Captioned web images

>>>>

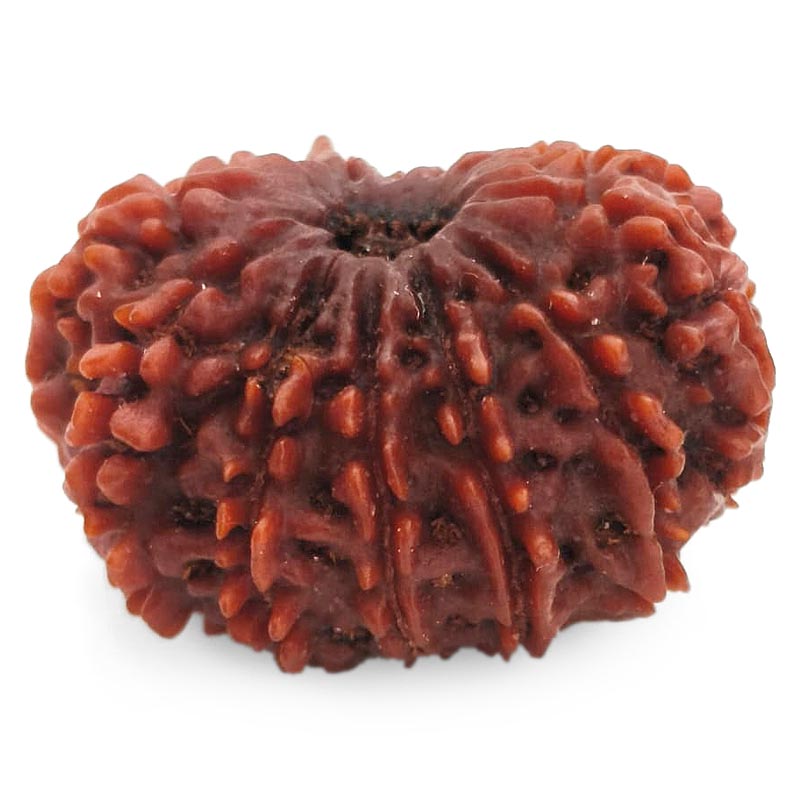 (30.22mm) 13 Mukhi Rudraksha Super Collector Bead | 13 Mukhi Rudraksha Bead | Terah Mukhi - Thirteen Faced - Rudraksha from Nepal 100% Authentic Pure Natural - Super Collector Bead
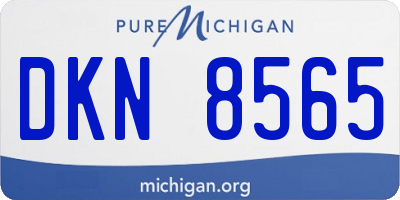 MI license plate DKN8565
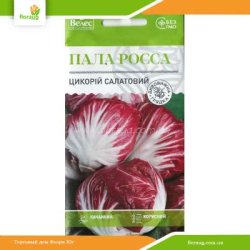 Цикорій салатний Пала Росса 1г (Велес)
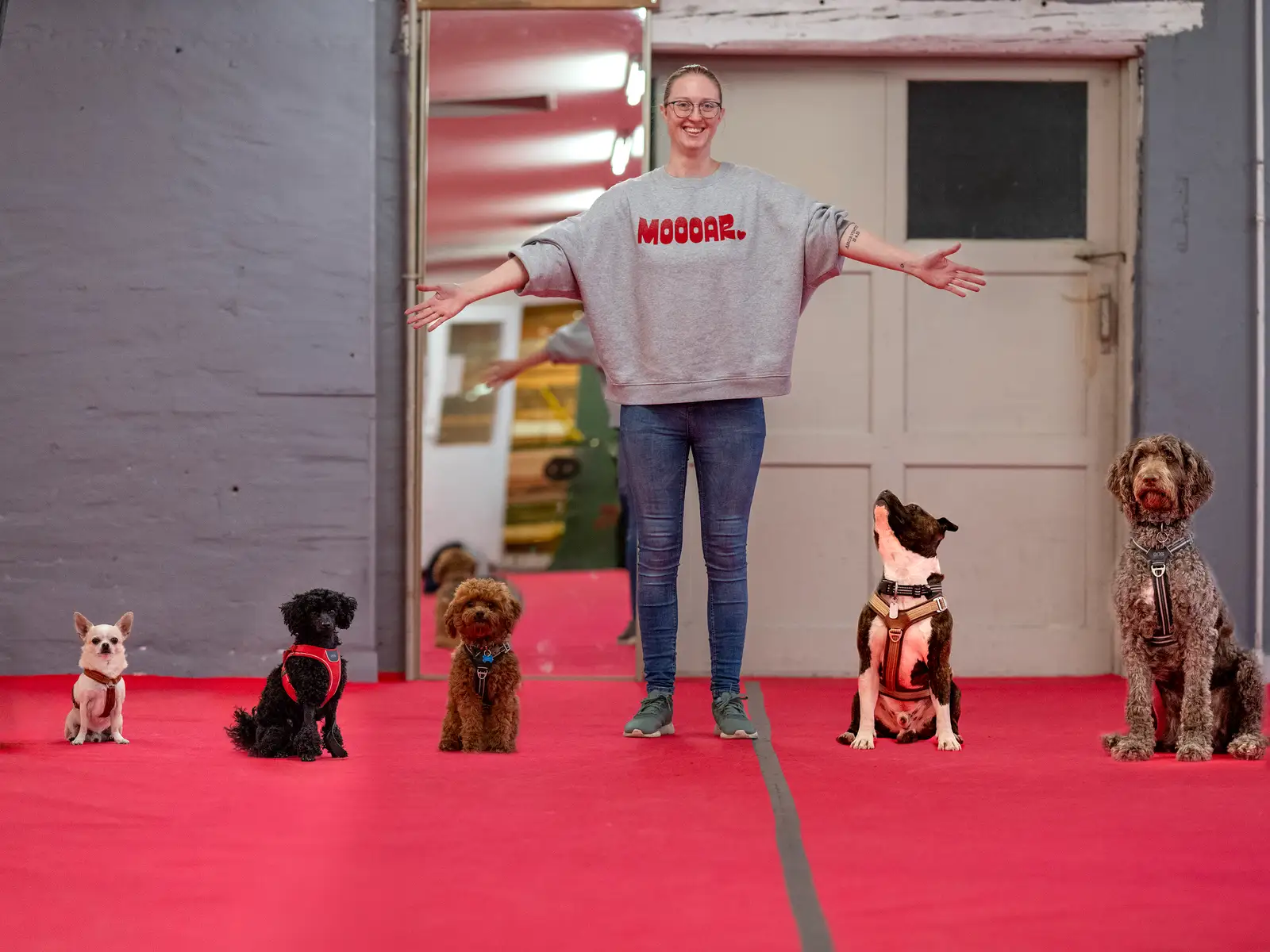 Heidi giver en hund high five under træning hos Hundeeventyr i Aalborg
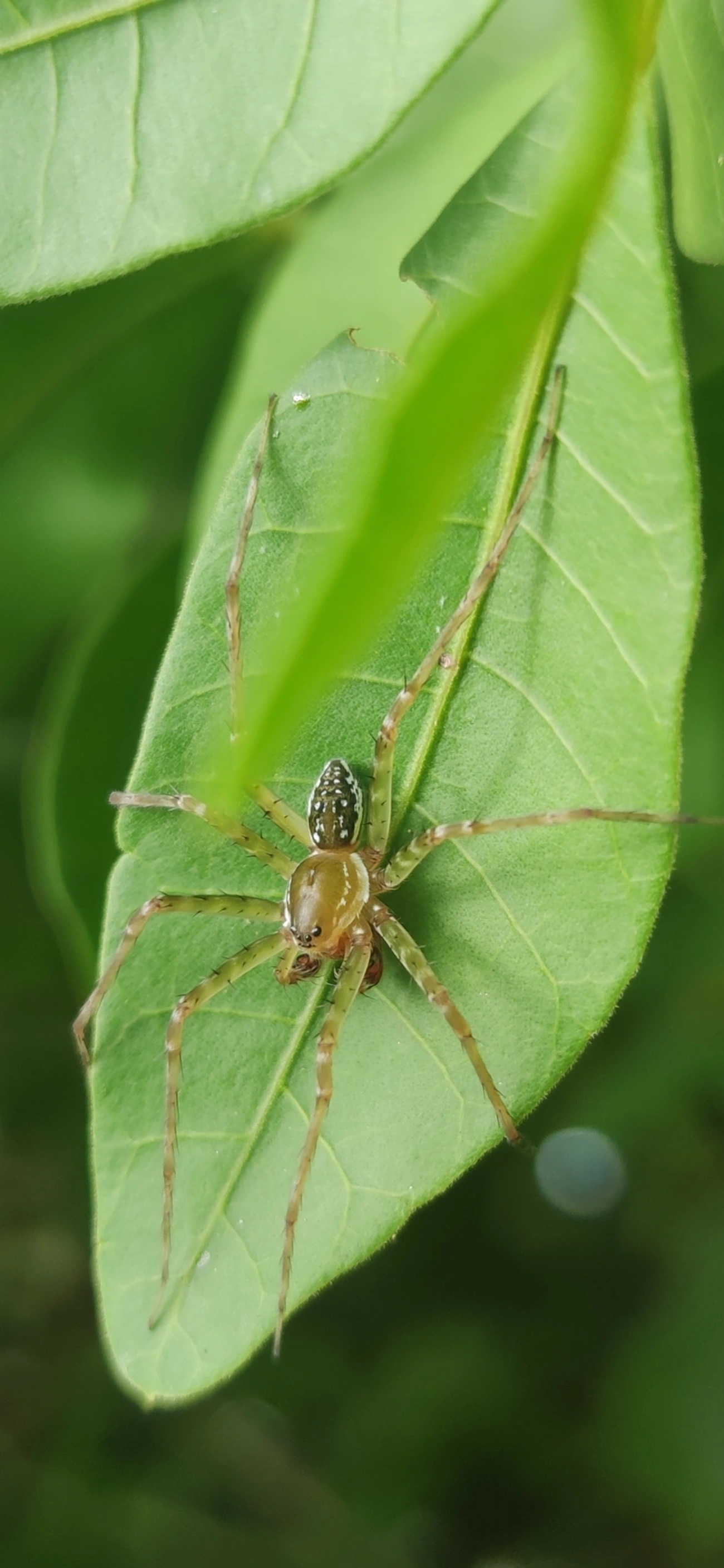 Thaumasia, aracnídeos, fotografado em Maresias, São Sebastião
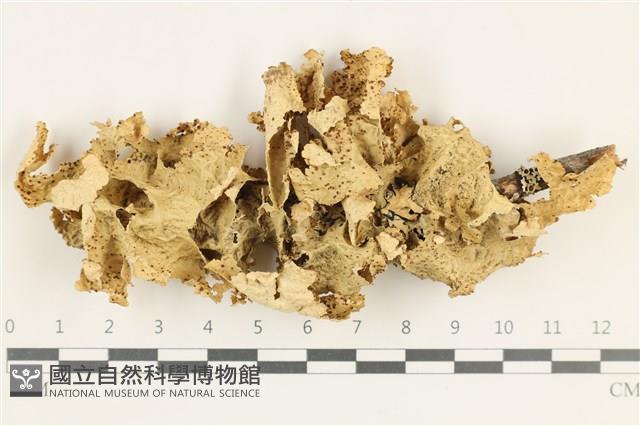 登錄號:L00001592藏品圖，第1張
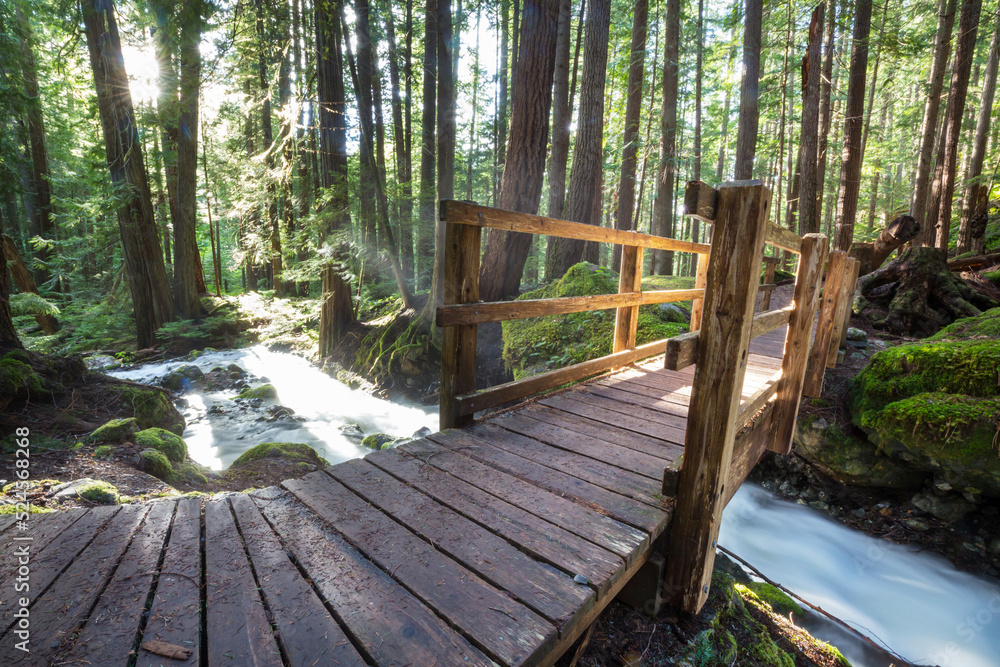 Boardwalk in the forest Boardwalk in the forest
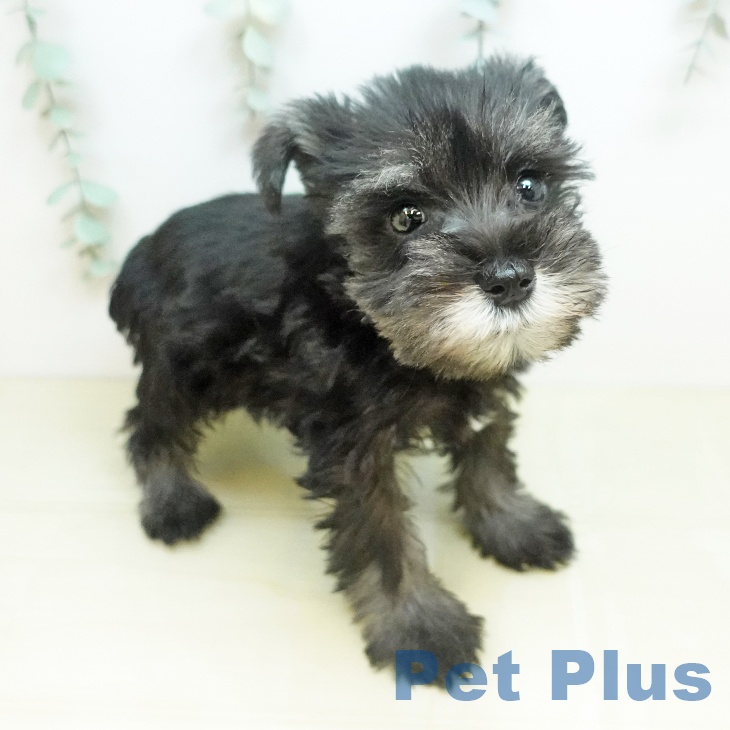 ミニチュア・シュナウザーの写真2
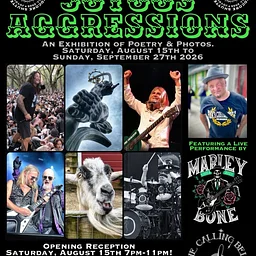Opening Reception 'Joyous Aggressions'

<<<<

* [EXERCISE]:
Repeat the records in full, exactly as they appear, without the pictures.

* [OUTPUT FOR THIS EXERCISE]:
 (30.22mm) 13 Mukhi Rudraksha Super Collector Bead | 13 Mukhi Rudraksha Bead | Terah Mukhi - Thirteen Faced - Rudraksha from Nepal 100% Authentic Pure Natural - Super Collector Bead
 MI license plate DKN8565
 Цикорій салатний Пала Росса 1г (Велес)
 Heidi giver en hund high five under træning hos Hundeeventyr i Aalborg
 Thaumasia, aracnídeos, fotografado em Maresias, São Sebastião
 登錄號:L00001592藏品圖，第1張
 Boardwalk in the forest Boardwalk in the forest
 ミニチュア・シュナウザーの写真2
Opening Reception 'Joyous Aggressions'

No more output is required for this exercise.